> [Material for this task]:
=======
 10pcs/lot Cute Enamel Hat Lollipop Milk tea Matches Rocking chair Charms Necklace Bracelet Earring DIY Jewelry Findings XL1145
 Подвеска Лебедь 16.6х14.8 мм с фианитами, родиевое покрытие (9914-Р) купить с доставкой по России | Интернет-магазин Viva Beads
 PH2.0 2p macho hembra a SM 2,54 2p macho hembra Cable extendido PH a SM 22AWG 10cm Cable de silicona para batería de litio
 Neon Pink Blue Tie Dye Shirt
=======
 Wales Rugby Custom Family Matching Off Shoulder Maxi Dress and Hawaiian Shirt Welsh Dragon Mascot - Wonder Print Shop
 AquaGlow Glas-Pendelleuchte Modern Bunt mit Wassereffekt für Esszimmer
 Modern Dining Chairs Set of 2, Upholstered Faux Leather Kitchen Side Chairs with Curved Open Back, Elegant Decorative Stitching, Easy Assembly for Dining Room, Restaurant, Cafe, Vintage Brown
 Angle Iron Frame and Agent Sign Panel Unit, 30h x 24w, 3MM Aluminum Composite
=======
> [What is needed]: Make a copy of each line in the records above that has the word "Shirt".

> [Solution]:
 Neon Pink Blue Tie Dye Shirt
 Wales Rugby Custom Family Matching Off Shoulder Maxi Dress and Hawaiian Shirt Welsh Dragon Mascot - Wonder Print Shop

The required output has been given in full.